Mientras tanto, además, podemos tratar
de reducir nuestra exposición, y la de los más pequeños, a algunas
sustancias químicas, sobre todo respecto a lo que tiene que ver con
la alimentación. “La clave es una vida más simple. Bajar el ritmo
y volver a dedicar tiempo a cocinar productos de temporada comprados
en el mercado, a poder ser de agricultura ecológica y de producción
local, y dejar de lado los productos congelados y precocinados”.

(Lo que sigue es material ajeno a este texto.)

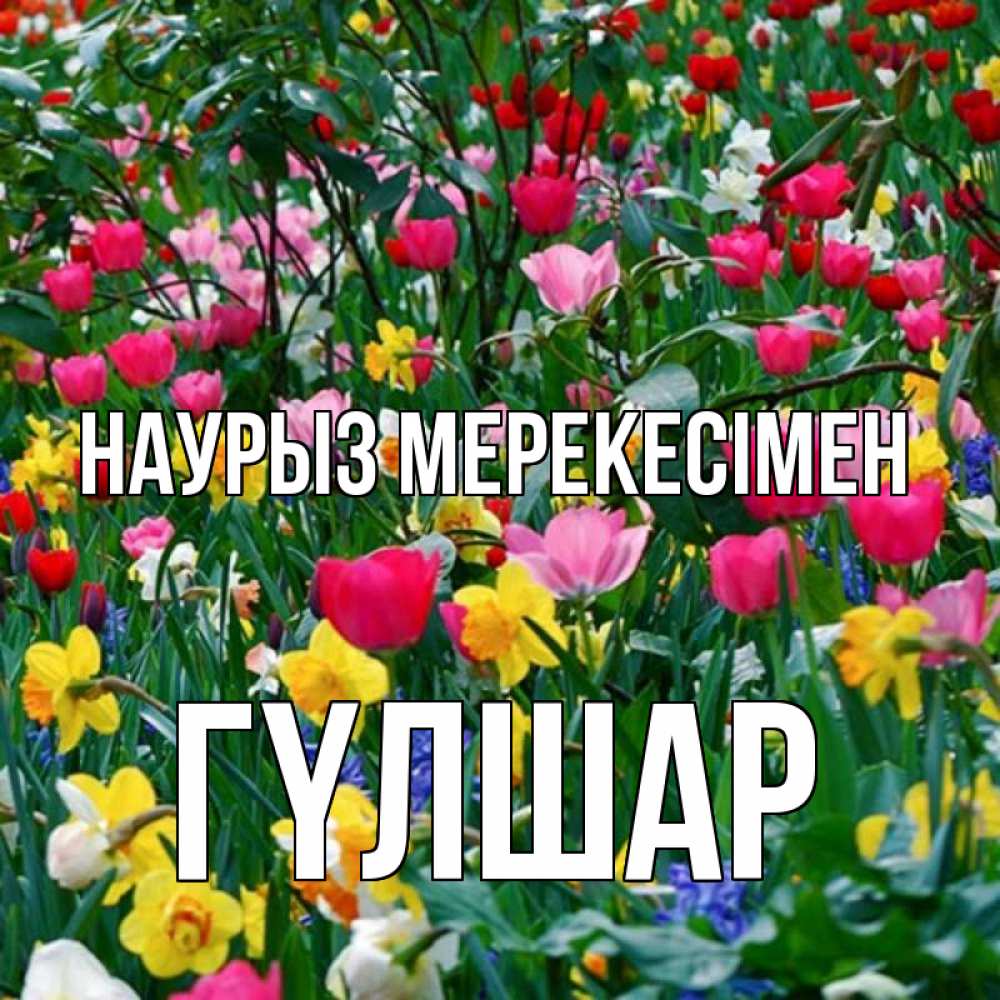 Күн сайын ашық хат с именем, ГҮЛШАР Наурыз мерекесімен с наурызом праздником весны поздравления для женщины Онлайн тегін жүктеп алу тілектері бар керемет карта 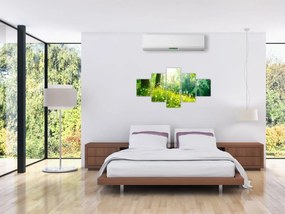 Obraz - Magiczna łąka pełna mniszków lekarskich (125x70 cm)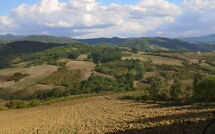 Foto ingevoerd door een huurder van Villa del Conte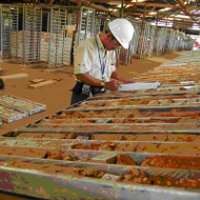 Judith Soeryadjaya Kuasai Tambang Martabe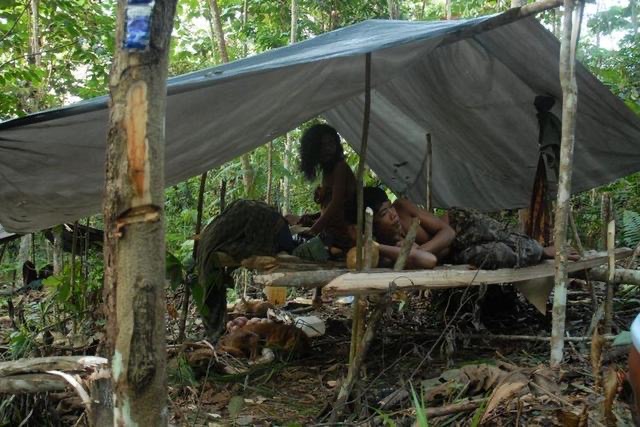 Orang Rimba Ditolak Bank hingga Terpaksa Simpan Uang Rp 1,5 Miliar Dalam Tanah di Hutan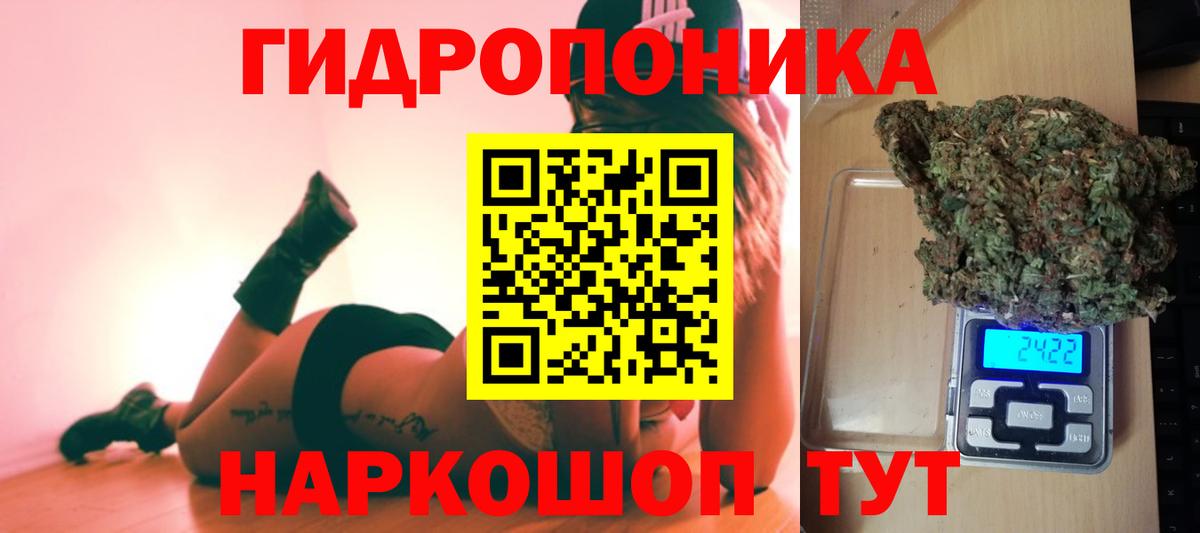 МАРИХУАНА план  Канабис гибрид  Орёл  Вход с VPN  Канабис семена  Каннабис AK-47 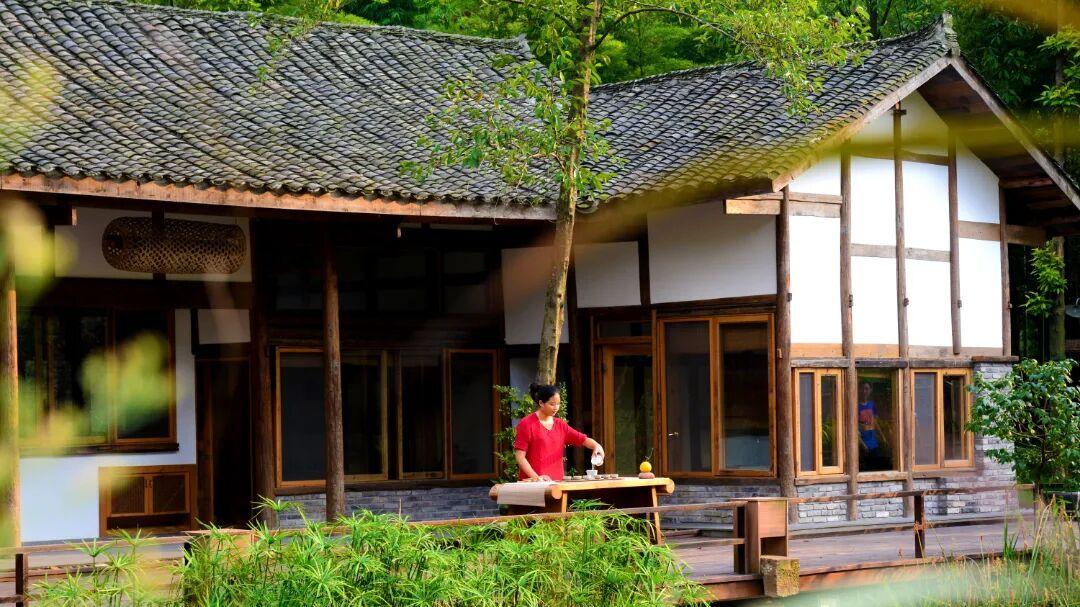 “4+1+2”！邛崃在第五届金芙蓉名牌及双年奖上收获满满！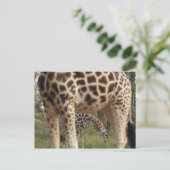 GIRAFFE 2 BRIEFKAART (Staand voorkant)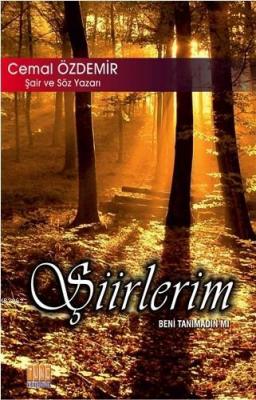 Şiirlerim Beni Tanımadın mı
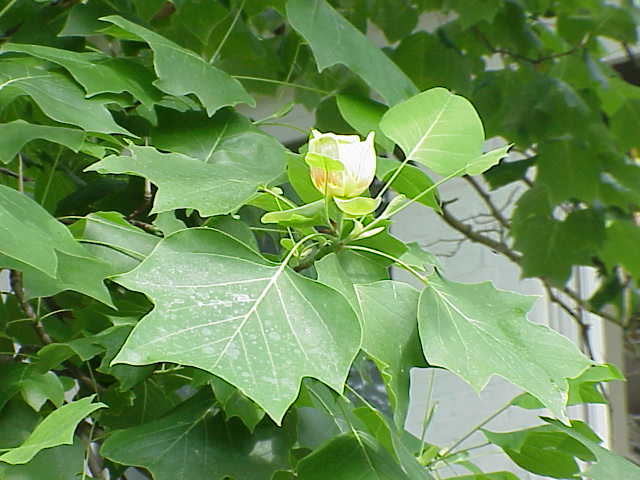 Tulip tree (Liriodendron tulipifera)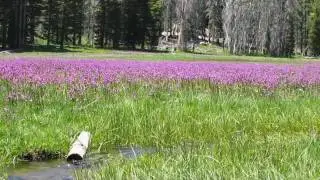Sherman Pass Road Trip (Kern Plateau - Sequoia National Forest)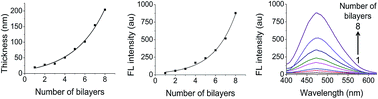 Graphical abstract: Monitoring layer-by-layer self-assembly process of natural polyelectrolytes by fluorescent bioconjugate with aggregation-induced emission characteristic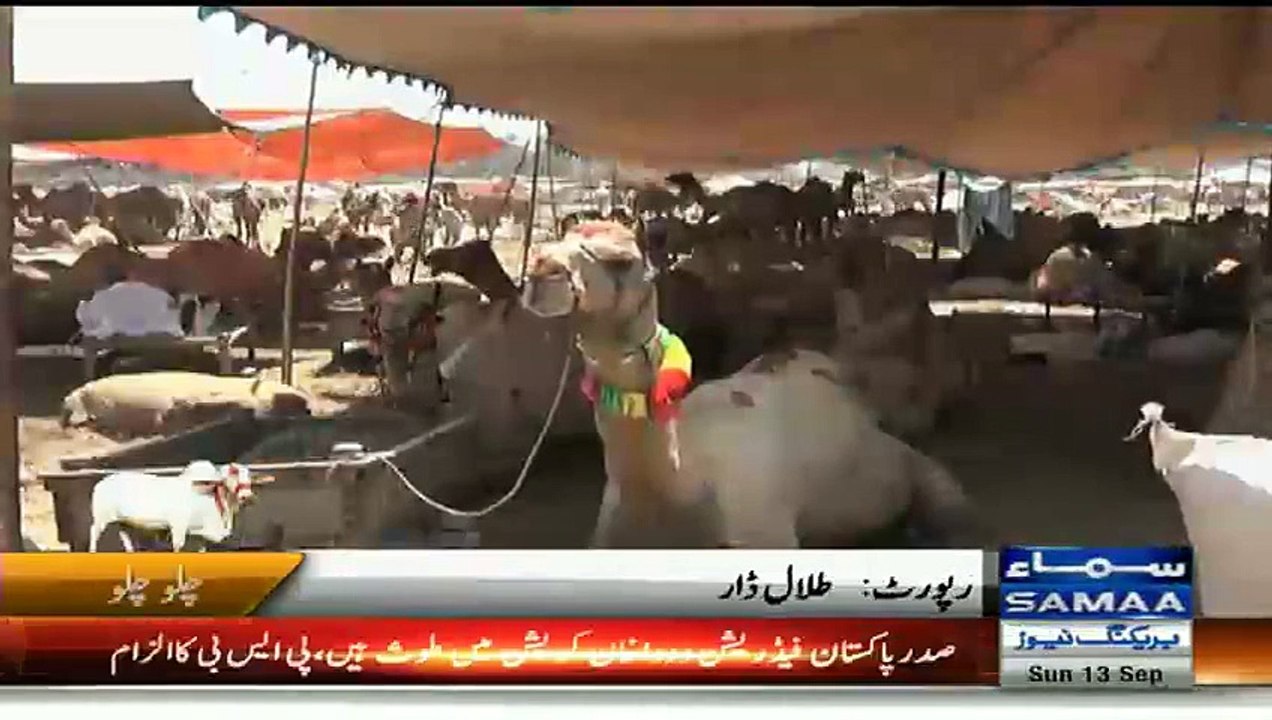 Qurbani k Janwar pr sajwat ku dakhiye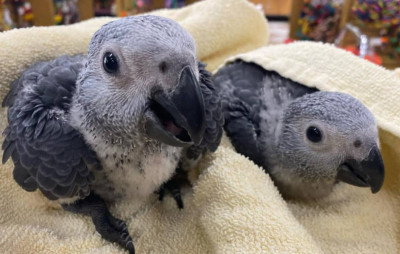 Intelligent African Grey Parrots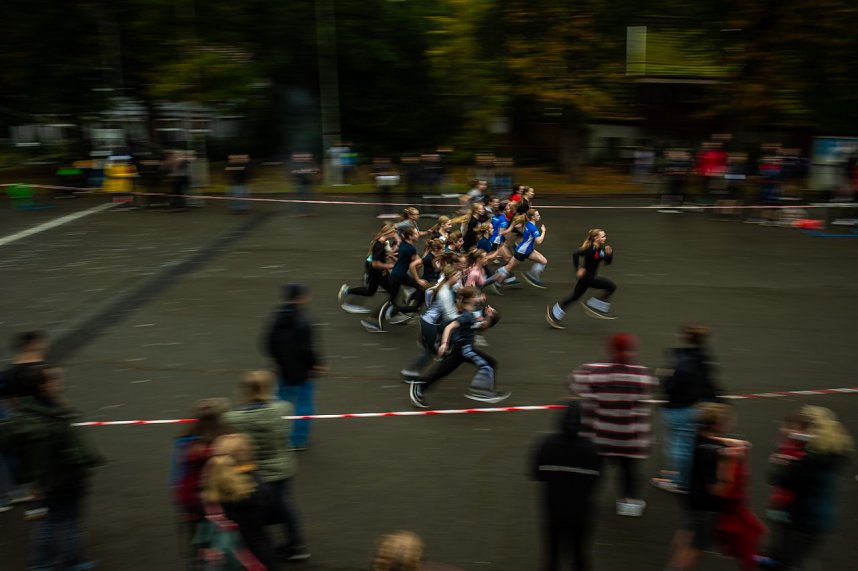 Herbstcrosslauf im Gehege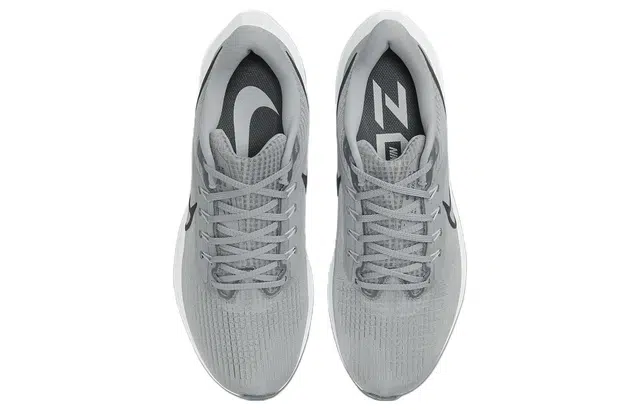 Nike Air Zoom Pegasus 39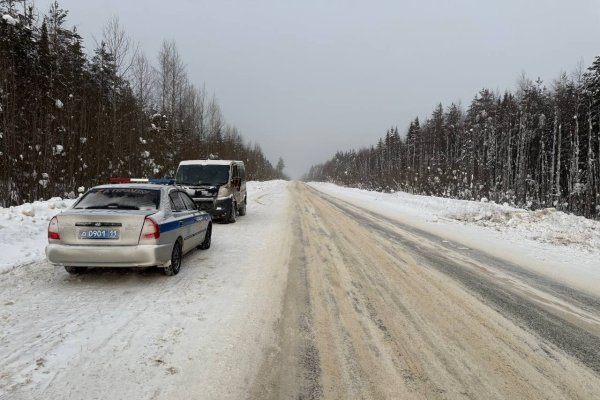 В Княжпогостском районе Peugeot съехал в кювет, пострадали две пожилые пассажирки
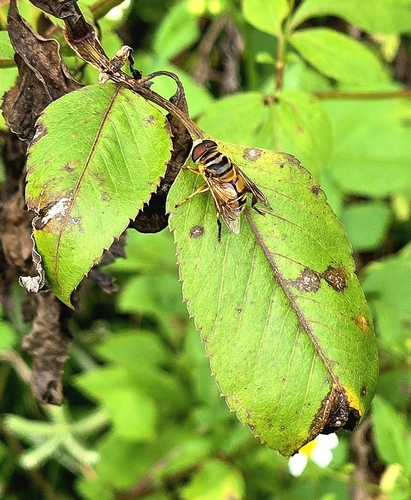 Unknown species found near Coral Springs Drive & Cypress Park, Coral Springs, FL 33071, USA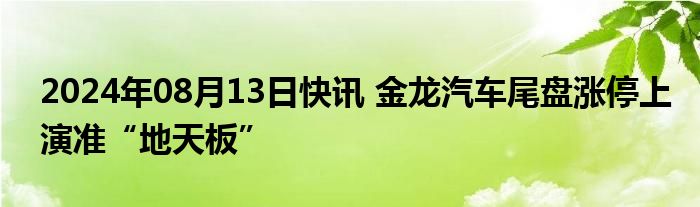 2024年08月13日快讯 金龙汽车尾盘涨停上演准“地天板”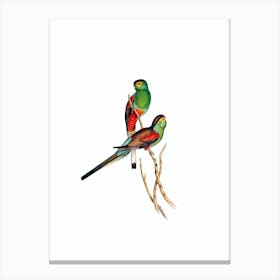 Vintage Beautiful Parakeet Bird Illustration on Pure White Canvas Print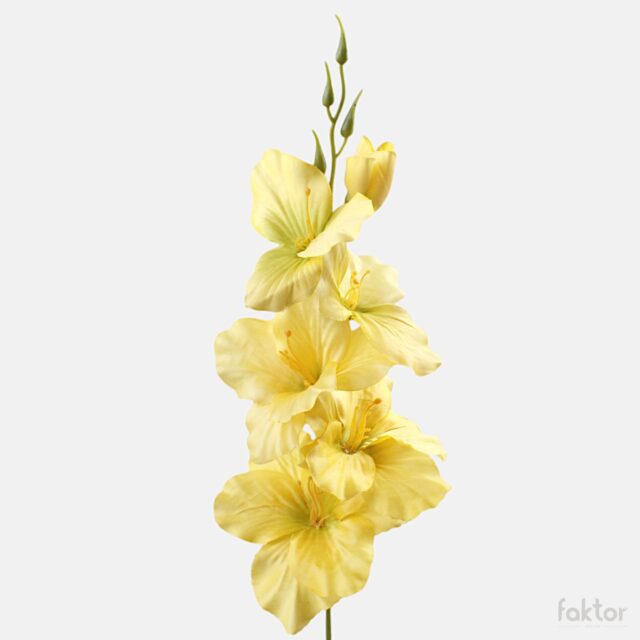 Keltainen tekogladioli vihreällä keskustalla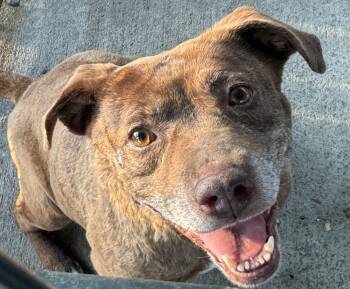 Rescue American Bulldog Dogs for Adoption in Troy, Alabama - June (Senior) | PetCurious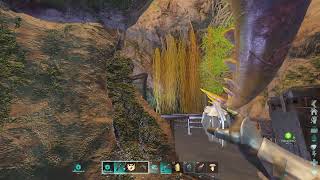 Ark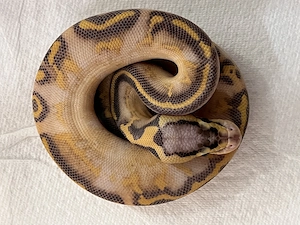 2 Baby Königspythons NZ 2026 (1x Pastel Ivory, 1x Super Gravel Pastel) TOP!!!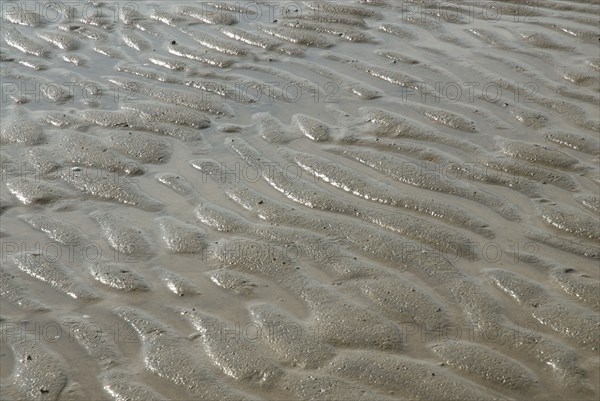 Low water at Ronce le Bains, France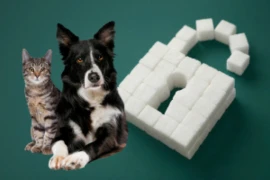 <span>Entschlüsselt - der passende Diabetes Mellitus Kurs</span>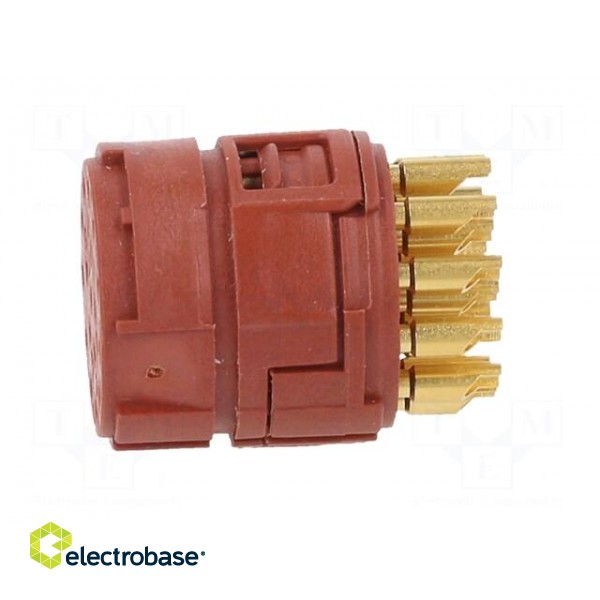 Connector: M23 | PIN: 17 | female | soldering | Series: M23 фото 7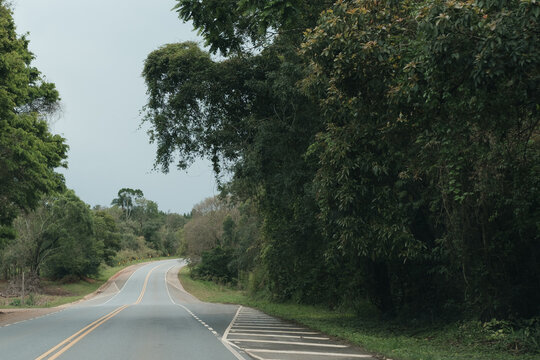 road in the forest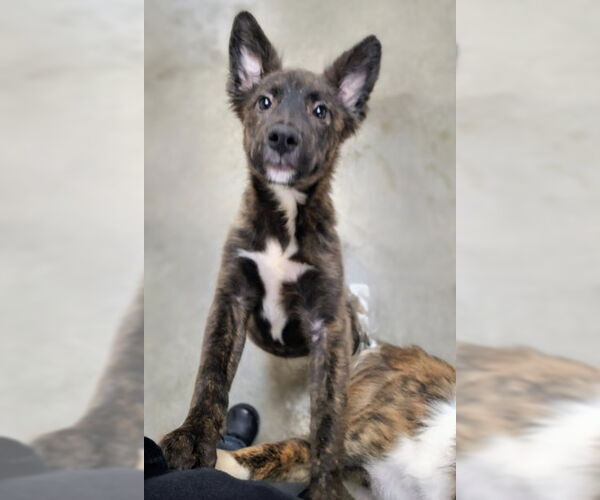 Medium Photo #3 Mutt Puppy For Sale in Mountain View, AR, USA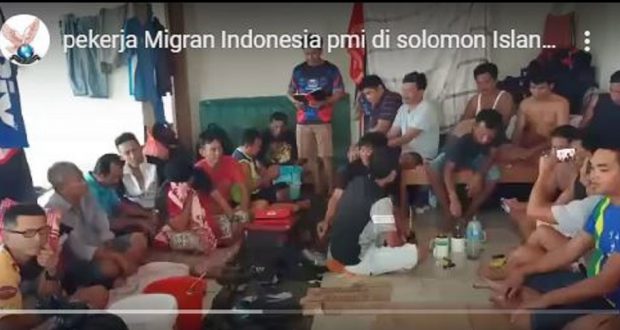 101 Pekerja Migran Indonesia Butuh pertolongan di Solomon Islands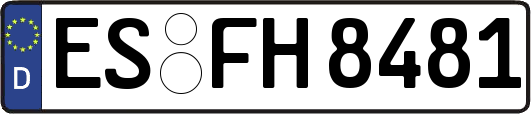 ES-FH8481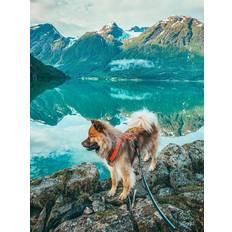 Non-Stop Dogwear Strong Kobbel 2 meter 2m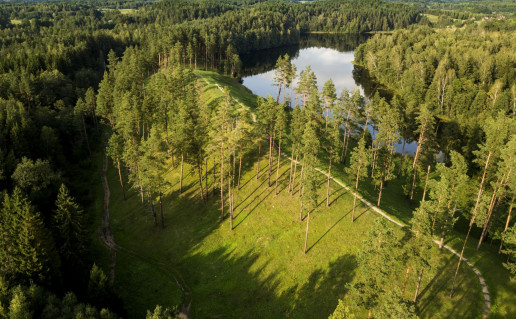 DJI_0031-HDR.jpg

Hay muchas más ideas en la guía ‘Sense lloc on amagar-nos’ (en
catalán), editada por la ONG Alternativa Verda y que recoge ejemplos
también respecto a la cosmética y los productos de limpieza, como
sustituir los champús por infusiones de algunas plantas o usar
vinagre o limón para quitar manchas. En muchos casos las
alternativas son fáciles y, con frecuencia, más baratas. No cuesta
nada probarlas.
¿Y QUÉ PUEDO HACER YO?
¿Y QUÉ PUEDO HACER YO?
Dejar de pensar en el crecimiento continuado como la única manera de vivir; tratar de ver lo que realmente necesitamos y ser consciente de los límites de la naturaleza y cómo nos afecta a la salud.
Dedicar tiempo a cocinar productos de temporada comprados en el mercado, a poder ser de agricultura ecológica y de producción local, y dejar de lado los productos congelados y precocinados.
Sustituir los champús por infusiones de algunas plantas o usar vinagre o limón para quitar manchas.